March Madness ad haul spirals higher than any sport

The Super Bowl and NFL playoffs are a hoot and the World Series rocks, but no sports championship series takes in more TV ad revenue than the NCAA men’s college basketball championships.

Sorry, NFL icons. Too bad, baseball superstars. March Madness has slam-dunked you.

Total TV ad revenue for the National Collegiate Athletic Association’s men’s basketball tournament surpassed $1 billion for the first time in 2012 — making it larger than any professional post-season sports championship, reports Kantar Media, a media research specialist.

And it will only get bigger this year on the multi-channeled CBS and TBS broadcasts. But the driver isn’t just the numbers — it may also be cultural.

“People want to believe in something,” says Barbara Lippert, advertising and pop culture columnist at MediaPost.com. “You get to see these kids before they get all corrupt.”

The metrics favor college basketball.
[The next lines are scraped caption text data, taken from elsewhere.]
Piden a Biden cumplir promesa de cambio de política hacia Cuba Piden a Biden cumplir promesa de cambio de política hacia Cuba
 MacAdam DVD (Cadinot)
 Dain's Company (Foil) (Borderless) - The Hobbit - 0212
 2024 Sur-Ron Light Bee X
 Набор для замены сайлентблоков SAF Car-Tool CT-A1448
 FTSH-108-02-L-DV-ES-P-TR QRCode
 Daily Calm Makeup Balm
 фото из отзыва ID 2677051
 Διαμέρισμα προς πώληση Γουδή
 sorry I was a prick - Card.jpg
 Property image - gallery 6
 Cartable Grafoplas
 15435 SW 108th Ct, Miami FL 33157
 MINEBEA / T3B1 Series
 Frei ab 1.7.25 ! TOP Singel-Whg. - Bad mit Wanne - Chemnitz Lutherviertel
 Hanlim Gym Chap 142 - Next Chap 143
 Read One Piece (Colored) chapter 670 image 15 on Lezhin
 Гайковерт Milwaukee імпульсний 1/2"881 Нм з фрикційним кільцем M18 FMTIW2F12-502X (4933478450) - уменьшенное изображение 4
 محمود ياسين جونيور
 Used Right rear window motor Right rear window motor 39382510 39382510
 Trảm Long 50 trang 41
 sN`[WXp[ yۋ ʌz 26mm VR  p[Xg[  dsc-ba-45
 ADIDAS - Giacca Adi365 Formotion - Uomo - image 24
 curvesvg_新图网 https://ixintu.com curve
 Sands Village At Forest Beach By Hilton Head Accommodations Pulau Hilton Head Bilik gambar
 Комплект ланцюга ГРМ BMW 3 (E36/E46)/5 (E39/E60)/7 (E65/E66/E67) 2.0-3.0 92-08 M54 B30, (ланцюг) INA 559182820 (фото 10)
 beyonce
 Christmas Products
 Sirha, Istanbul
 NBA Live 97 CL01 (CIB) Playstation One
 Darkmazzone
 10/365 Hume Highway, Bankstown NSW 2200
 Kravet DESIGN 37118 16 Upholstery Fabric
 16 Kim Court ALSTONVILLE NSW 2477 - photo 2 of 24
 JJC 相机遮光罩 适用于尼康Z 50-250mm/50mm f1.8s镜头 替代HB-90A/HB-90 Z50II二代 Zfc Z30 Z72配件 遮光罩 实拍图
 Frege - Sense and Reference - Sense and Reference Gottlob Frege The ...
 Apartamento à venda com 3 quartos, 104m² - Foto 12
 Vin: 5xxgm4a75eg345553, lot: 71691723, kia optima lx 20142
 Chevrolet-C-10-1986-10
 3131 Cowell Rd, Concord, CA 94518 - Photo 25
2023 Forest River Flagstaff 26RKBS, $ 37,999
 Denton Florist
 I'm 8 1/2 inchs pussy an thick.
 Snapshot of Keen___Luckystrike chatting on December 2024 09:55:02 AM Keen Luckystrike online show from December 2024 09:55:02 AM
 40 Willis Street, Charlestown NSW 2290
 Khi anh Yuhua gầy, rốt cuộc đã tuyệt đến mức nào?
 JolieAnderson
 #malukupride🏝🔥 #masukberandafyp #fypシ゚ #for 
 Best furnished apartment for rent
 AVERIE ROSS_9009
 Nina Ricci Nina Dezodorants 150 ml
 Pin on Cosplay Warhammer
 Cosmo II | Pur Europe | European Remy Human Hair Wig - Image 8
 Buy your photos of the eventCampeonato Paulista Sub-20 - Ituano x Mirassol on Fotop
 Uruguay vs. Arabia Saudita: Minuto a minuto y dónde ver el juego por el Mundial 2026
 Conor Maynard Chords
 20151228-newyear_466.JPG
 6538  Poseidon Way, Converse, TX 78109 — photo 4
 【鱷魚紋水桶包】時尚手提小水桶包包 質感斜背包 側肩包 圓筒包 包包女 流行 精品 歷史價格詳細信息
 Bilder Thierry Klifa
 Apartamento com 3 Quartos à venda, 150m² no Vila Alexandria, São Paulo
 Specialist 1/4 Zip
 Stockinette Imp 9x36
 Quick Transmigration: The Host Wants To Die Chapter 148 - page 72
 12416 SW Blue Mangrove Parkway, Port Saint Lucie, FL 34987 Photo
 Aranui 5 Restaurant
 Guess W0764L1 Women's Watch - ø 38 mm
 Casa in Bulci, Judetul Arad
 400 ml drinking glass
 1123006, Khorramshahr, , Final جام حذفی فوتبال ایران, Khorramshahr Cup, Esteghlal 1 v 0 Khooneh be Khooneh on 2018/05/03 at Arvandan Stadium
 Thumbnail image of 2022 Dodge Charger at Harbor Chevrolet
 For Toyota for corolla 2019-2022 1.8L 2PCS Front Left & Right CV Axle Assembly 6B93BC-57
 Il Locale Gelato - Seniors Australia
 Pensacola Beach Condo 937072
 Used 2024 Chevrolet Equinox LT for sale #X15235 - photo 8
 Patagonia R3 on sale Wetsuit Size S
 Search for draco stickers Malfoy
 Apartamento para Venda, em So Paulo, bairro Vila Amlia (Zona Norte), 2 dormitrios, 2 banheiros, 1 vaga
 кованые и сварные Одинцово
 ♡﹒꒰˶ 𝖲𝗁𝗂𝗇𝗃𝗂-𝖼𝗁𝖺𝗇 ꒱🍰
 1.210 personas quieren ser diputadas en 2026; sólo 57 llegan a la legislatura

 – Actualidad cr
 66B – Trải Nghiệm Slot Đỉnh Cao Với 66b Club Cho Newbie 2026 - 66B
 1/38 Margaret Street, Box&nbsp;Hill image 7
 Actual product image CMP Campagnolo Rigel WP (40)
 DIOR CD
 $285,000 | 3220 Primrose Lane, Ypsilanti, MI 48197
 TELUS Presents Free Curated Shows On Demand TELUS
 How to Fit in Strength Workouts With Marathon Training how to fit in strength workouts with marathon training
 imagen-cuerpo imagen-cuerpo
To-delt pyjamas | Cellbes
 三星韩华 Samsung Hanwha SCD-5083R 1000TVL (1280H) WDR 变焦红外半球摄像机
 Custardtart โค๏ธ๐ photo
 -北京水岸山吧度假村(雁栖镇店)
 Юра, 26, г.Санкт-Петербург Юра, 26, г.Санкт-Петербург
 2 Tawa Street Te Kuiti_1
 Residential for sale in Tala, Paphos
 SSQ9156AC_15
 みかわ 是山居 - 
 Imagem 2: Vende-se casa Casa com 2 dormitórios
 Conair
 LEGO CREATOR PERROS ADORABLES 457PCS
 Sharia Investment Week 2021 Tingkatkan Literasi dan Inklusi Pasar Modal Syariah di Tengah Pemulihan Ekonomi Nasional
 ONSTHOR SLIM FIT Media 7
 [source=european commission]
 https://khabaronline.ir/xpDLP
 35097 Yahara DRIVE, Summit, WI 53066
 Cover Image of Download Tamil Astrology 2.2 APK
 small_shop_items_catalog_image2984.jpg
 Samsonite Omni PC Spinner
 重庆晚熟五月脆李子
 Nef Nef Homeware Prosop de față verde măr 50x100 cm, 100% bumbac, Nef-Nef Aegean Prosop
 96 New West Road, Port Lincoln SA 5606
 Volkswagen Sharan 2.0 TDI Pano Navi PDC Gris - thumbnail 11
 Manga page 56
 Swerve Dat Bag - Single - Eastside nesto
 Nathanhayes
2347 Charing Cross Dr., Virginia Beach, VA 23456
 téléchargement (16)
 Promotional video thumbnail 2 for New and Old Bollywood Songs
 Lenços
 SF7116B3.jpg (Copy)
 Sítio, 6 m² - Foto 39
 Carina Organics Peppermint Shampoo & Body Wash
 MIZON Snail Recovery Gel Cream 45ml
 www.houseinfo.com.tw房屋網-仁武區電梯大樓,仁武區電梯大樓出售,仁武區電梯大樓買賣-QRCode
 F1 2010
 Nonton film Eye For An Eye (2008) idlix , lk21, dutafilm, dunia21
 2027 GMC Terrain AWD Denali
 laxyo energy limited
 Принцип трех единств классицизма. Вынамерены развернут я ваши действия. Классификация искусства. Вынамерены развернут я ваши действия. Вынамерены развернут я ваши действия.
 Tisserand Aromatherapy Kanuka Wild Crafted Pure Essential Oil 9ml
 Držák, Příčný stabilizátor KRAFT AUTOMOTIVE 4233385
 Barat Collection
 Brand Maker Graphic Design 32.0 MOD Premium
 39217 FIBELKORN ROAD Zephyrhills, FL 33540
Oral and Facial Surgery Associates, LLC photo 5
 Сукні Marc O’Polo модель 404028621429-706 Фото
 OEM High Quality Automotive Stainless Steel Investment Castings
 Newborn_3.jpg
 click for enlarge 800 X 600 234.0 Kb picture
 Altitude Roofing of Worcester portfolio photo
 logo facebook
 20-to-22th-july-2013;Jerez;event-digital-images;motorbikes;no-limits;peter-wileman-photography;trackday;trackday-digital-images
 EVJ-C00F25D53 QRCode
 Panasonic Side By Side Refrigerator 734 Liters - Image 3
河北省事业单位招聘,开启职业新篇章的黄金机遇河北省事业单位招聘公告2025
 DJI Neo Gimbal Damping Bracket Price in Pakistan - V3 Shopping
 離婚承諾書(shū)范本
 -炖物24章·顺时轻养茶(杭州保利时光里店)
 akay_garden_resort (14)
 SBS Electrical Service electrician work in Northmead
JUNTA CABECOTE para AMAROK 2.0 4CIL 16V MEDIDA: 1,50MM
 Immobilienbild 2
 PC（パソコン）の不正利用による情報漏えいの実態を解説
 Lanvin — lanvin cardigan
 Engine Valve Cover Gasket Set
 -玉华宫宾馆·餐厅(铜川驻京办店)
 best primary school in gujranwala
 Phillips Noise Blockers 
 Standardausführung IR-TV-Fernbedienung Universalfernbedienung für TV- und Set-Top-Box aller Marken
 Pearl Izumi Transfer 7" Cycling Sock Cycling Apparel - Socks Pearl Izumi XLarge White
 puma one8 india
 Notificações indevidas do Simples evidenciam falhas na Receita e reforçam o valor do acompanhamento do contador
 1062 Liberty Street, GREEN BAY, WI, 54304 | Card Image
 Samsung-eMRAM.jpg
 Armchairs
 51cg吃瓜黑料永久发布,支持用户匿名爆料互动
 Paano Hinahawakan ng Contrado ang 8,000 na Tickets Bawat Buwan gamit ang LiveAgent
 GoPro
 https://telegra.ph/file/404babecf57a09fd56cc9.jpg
There are 68 teams competing for the college basketball championship, playing many more post-season games than baseball’s run to the World Series or pro football’s playoffs and Super Bowl.

“Football may be the national pastime, but college basketball is in the driver’s seat,” says Jon Swallen, chief research officer at Kantar.

No one else has hit that $1 billion post-season plateau. The NFL post-season took in $976 million in TV ad spending last year, Kantar reports. The NBA’s postseason totaled $537 million. Major League Baseball was a distant third at $354 million.

Ad prices for the college basketball championship game will hit a high-water mark this year, too, at about $1.4 million per 30-second slot. (This year’s Super Bowl 30-second slots on CBS cost up to $3.8 million.)

Credit the college crowd.

“More upsets and crazy things happen in college sports,” Lippert says. “That’s why they call it March Madness.”